After reading a few pages of a dense report, I gave up and stared mournfully out of the window. The weather was cloudy and foggy, throwing a bleak and bleary light over everything. The land was flat, flat as the Po River plain in northern Italy. There was a thin covering of snow, not enough to make the scene beautiful. The field strips were small, reminding me of the fields around Neusidlersee to the south of Vienna. Some had been planted in corn – the stalks were still standing, some had fruit trees, but most were bare of anything. Copses of poplars broke the horizontal monotony. A few villages flashed by, a group of houses huddled together in no particular order, some proudly bearing a solar water heater on their roofs. Often, the country’s modern development would intrude, with bare, broken, worked-over ground waiting for the concrete and asphalt to arrive.
The countryside was empty save for shepherds leading small groups of sheep through the bare fields, particularly the corn fields, where the sheep were stripping the standing stalks of some nourishment. The shepherds were probably Muslim Chinese who had migrated centuries ago from the west of China and are now scattered throughout China’s eastern seaboard. They brought back memories of northern Italy, where you can also see shepherds who have come down from the mountains and are feeding their herds in bare winter fields.

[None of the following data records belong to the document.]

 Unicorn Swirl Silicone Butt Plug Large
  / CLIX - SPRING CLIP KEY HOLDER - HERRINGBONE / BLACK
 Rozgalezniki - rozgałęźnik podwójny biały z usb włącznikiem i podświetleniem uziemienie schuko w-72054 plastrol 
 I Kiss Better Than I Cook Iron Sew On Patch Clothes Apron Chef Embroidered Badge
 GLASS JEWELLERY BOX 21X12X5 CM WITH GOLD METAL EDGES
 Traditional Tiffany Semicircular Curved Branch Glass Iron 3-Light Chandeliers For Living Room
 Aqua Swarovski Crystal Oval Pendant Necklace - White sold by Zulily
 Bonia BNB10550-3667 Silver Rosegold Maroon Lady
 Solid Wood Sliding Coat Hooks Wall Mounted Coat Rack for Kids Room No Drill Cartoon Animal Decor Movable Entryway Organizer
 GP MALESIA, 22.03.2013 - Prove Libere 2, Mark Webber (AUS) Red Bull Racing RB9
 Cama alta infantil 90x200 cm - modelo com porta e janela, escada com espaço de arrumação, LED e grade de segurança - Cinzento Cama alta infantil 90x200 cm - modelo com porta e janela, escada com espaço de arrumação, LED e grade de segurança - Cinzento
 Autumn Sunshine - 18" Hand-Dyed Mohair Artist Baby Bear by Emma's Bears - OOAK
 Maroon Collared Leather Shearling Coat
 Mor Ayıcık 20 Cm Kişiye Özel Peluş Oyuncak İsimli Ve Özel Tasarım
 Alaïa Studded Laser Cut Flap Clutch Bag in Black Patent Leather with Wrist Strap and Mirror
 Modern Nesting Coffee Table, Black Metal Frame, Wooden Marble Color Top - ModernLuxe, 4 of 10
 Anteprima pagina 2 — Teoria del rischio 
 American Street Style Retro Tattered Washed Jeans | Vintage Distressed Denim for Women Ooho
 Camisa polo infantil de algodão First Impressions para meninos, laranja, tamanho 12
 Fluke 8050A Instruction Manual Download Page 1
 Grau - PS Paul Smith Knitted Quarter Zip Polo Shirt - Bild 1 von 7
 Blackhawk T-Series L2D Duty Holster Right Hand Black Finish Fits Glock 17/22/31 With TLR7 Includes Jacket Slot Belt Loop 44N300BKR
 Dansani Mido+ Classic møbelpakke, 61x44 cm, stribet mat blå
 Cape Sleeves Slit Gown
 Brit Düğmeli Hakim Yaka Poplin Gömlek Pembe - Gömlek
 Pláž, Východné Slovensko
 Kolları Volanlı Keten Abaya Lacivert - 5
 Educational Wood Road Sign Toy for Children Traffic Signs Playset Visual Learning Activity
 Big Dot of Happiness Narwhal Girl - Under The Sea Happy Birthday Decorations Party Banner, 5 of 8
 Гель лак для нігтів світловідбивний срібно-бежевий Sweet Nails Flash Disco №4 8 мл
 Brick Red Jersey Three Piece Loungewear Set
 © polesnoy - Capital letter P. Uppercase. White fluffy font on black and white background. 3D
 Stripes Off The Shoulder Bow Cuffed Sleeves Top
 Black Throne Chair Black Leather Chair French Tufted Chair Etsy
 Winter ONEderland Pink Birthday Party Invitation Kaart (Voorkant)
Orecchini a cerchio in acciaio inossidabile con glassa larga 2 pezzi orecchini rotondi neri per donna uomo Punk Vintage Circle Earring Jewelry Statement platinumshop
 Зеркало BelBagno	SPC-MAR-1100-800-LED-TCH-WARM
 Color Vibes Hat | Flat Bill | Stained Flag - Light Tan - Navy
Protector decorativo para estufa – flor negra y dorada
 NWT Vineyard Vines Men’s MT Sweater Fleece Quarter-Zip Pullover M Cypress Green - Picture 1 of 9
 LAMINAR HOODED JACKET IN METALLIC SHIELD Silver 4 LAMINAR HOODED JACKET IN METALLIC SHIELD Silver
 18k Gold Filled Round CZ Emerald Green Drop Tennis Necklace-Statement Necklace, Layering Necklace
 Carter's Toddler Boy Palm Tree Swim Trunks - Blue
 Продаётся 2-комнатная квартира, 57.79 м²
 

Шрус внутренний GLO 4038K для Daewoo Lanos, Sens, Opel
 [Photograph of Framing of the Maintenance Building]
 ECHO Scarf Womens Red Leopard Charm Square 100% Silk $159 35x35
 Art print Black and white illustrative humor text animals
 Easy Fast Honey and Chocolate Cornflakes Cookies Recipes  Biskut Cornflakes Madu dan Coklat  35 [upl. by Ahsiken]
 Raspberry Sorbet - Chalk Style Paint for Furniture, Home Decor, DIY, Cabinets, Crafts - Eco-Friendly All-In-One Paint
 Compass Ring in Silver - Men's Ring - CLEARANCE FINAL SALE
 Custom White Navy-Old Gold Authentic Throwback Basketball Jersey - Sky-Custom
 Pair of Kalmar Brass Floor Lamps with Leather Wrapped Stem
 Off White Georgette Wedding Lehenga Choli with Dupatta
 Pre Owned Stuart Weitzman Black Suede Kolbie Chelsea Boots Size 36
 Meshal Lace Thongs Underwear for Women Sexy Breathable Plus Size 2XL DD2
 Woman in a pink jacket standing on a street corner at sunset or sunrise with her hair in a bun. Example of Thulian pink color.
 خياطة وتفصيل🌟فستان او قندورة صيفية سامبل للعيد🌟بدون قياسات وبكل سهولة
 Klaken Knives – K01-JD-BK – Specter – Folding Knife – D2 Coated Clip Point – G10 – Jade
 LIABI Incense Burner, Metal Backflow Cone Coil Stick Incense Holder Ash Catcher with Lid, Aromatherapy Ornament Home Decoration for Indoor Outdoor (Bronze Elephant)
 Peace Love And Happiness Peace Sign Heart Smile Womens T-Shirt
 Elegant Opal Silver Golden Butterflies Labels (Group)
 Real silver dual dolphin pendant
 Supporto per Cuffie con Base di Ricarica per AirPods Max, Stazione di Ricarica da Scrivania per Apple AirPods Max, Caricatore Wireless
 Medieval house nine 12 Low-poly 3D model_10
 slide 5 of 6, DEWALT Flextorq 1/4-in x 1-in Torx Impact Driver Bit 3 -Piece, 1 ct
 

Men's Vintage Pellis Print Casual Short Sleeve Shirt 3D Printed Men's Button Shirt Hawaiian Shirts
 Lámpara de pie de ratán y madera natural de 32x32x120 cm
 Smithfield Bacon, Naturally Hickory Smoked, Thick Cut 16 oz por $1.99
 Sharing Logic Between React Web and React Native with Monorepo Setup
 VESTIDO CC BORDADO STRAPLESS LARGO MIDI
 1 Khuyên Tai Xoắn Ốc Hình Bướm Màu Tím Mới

The only other presence was the dead. Countless gravesites dotted the landscape. You can tell a Chinese grave by the way the earth is heaped up in a conical mound over the deceased. Groups of four or five of these mounds were visible at the corner of almost every field, or so it seemed. There was no wall around them like we would have in Europe, nothing to separate them from the world of the living. Often, there would be dark trees, pines perhaps, planted nearby to keep the dead company. They reminded me so much of the cypress trees that flourish in the graveyards of Italy.
Darkness slowly set in and everything outside my window dissolved in the murk. As we started slowing down to pull into our first stop, I sighed, put on my reading glasses, and hauled out the dense report again.